-- Problem details --
Only the stretch of the listing below that runs from the line with "Baby Goat Trompe" through the line with "Disney Mickey Mouse" is to be printed, exactly and with both ends.

-- Data extracts --
_ _ _ _ _
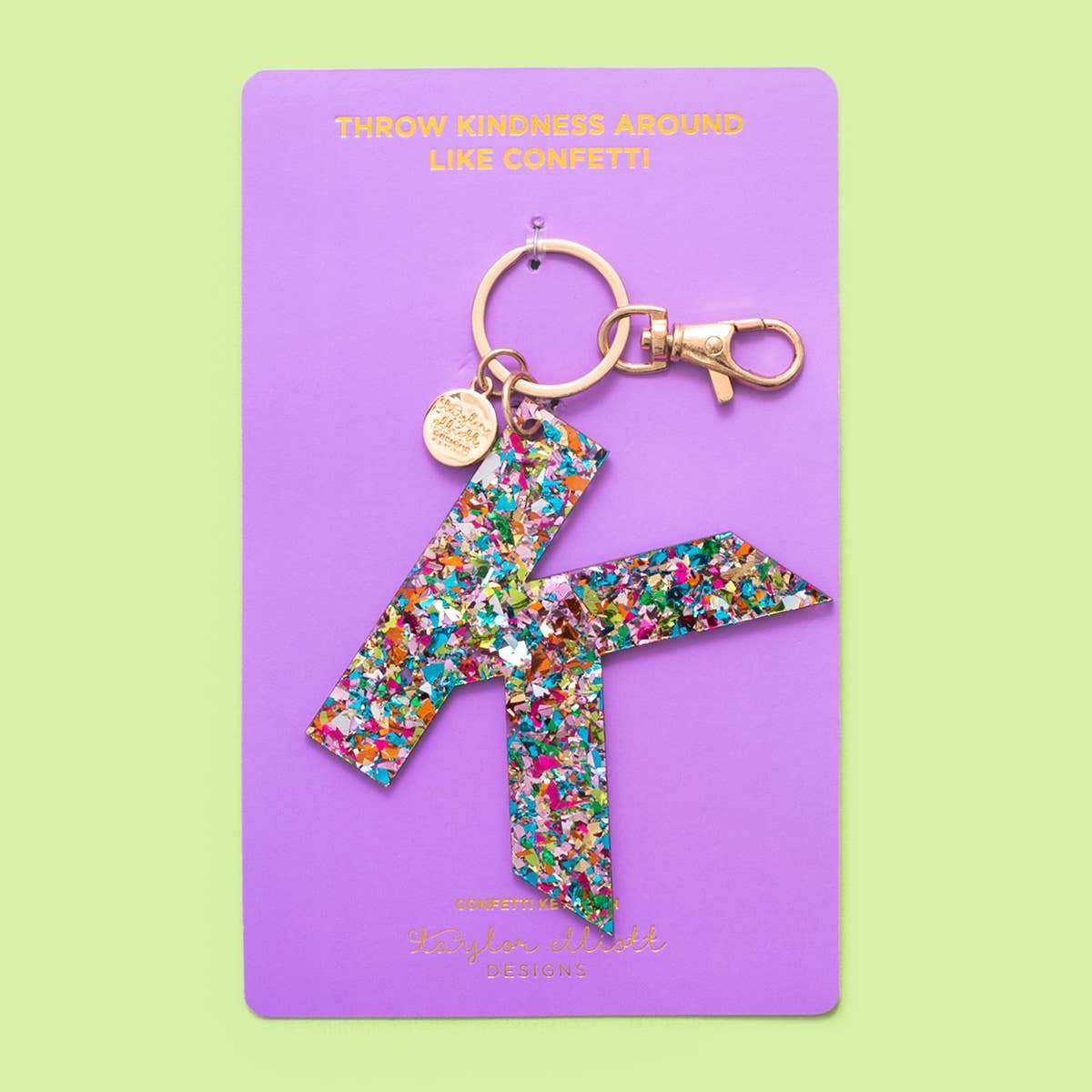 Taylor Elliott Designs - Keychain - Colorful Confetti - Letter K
_ _ _ _ _
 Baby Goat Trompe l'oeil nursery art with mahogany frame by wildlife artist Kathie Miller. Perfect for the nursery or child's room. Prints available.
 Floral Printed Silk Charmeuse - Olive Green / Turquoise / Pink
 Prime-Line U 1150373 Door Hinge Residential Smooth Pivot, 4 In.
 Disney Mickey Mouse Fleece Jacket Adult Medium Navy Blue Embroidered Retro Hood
_ _ _ _ _
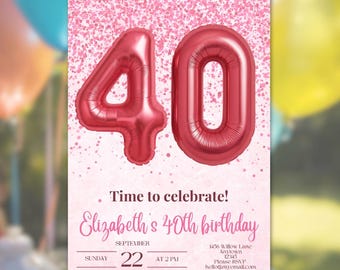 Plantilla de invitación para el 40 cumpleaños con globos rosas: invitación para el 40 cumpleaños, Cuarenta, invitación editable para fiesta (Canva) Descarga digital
_ _ _ _ _
-- Solution to this task --
 Baby Goat Trompe l'oeil nursery art with mahogany frame by wildlife artist Kathie Miller. Perfect for the nursery or child's room. Prints available.
 Floral Printed Silk Charmeuse - Olive Green / Turquoise / Pink
 Prime-Line U 1150373 Door Hinge Residential Smooth Pivot, 4 In.
 Disney Mickey Mouse Fleece Jacket Adult Medium Navy Blue Embroidered Retro Hood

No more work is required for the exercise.